Carlos especially has drank the Mark Allen kool-aid and is training like a mad man. His improvement has been incredible. I hardly recognized Carlos arms, he now has veins running down his biceps that look like ropes. He was a world class swimmer as a kid and came out of the water in 28 minutes.

Overall the race was great. I loved the course. The competition was solid. The first 44 people finished under 5 hours and the first 168 people finished under 6 hours. The worst part of the race was waiting 2 hours for the podium presentations. I didn't want to leave without a photo for the blog. The medal was secondary. If I was to do it again, I'd leave earlier. On the ride home I was near falling a sleep and had to use strategies to stay awake.

I celebrated with some Amstel Light and KFC. Starting tomorrow it's back to eating well. I'm up 6 lbs to 186 lbs. It's been a LONG time since I've been over 185 lbs and I need to pull that back to around 180 lbs. I noticed I'm getting a little soft around the mid-section in the post race photo's. That's motivation enough.

Swim - 35:23 / 1:47 per 100 avg - 80 th fastest overall
T 1 - Long run to Transition - 2:13 / Transition 1:47
Bike - 2:30:08 / 36.0 kph avg / 36 th fastest overall
T2 - 55 seconds
Run - 1:42:28 / 4:52 per km average / 25th fastest overall
Overall - 4:52:28
Age Group - 2/25
Overall - 29 /269
8

Saturday, June 26, 2010

The Water Boy...

I was feeling tired with stiff legs this morning and I'm not sure why. I had a decent amount of beers last night, but not too much, and we got to bed around midnight, which is early for a weekend.

Even though I have a Half Ironman tomorrow, I couldn't not celebrate our Anniversary last night. That wouldn't be fair to Alice, and the wisdom is in "knowing when to hold them and know when to fold them".

It was tough to walk until around 7 pm tonight when I started changing a flat tire on my race wheels. The movement helped loosen me up.

I hate fixing flats on those wheels. The tire bead is so tight, it is near impossible to put it back on. I've been training with my regular wheels for a while now and was debating if I should even put the race wheels on for tomorrow. I was even considering using my 25 year old Centurion. I would have if it had cadence on the speedometer. I'm curious to see how much of a difference a bike makes.

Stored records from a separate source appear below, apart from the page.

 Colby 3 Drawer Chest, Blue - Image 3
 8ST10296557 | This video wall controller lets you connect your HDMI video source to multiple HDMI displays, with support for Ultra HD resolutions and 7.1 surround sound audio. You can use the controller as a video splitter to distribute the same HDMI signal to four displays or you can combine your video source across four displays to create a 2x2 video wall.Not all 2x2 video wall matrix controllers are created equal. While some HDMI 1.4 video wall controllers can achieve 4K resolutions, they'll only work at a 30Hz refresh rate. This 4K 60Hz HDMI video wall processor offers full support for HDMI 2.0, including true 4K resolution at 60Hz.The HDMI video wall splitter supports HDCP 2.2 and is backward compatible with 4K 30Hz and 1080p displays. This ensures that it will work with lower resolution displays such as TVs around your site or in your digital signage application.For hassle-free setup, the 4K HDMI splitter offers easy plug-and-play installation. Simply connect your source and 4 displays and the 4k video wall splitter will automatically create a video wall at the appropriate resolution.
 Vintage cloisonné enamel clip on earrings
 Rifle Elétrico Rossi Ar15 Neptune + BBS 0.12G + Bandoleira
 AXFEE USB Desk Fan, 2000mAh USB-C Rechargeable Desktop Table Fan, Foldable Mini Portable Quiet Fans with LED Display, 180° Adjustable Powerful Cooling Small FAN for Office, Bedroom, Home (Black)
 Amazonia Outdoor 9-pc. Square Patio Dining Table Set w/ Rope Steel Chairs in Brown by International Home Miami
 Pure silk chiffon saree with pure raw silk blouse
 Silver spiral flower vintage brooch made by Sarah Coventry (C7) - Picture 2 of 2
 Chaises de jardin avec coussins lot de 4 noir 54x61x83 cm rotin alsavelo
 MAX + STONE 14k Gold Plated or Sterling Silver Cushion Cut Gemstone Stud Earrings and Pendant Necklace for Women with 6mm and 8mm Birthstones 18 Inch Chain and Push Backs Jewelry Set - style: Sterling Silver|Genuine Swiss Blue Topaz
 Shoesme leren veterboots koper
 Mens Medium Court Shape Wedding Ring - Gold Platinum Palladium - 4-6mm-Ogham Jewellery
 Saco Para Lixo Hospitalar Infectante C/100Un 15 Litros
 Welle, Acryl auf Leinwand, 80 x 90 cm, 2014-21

My concern on why not to use the race wheels was the possibility of getting another flat on them. I wasn't sure if the previous flat was caused by something that was still in the tire and would puncture a new tube as well. I spent a lot of time checking the inside of the tire and removing any dirt. I then examined the old tube and realized it was a stem problem.

I ended up putting the race wheels on for the race and took the bike for a short spin. Good thing I did. The speedometer magnet moved out of place and I wasn't getting my speed readings half way through the ride. I would have hated for that to have happened during the race.

I thought I was going to get in some afternoon of napping but was so busy with Internet related work stuff and catching up on writing yesterday's blog post. I didn't finish working until 7 pm and then started getting ready for tomorrows race. I've decided to get up early and do the 90 minute drive from home. Carlos offered me to stay with him in his hotel room but I figured I'd get a better sleep in my own bed.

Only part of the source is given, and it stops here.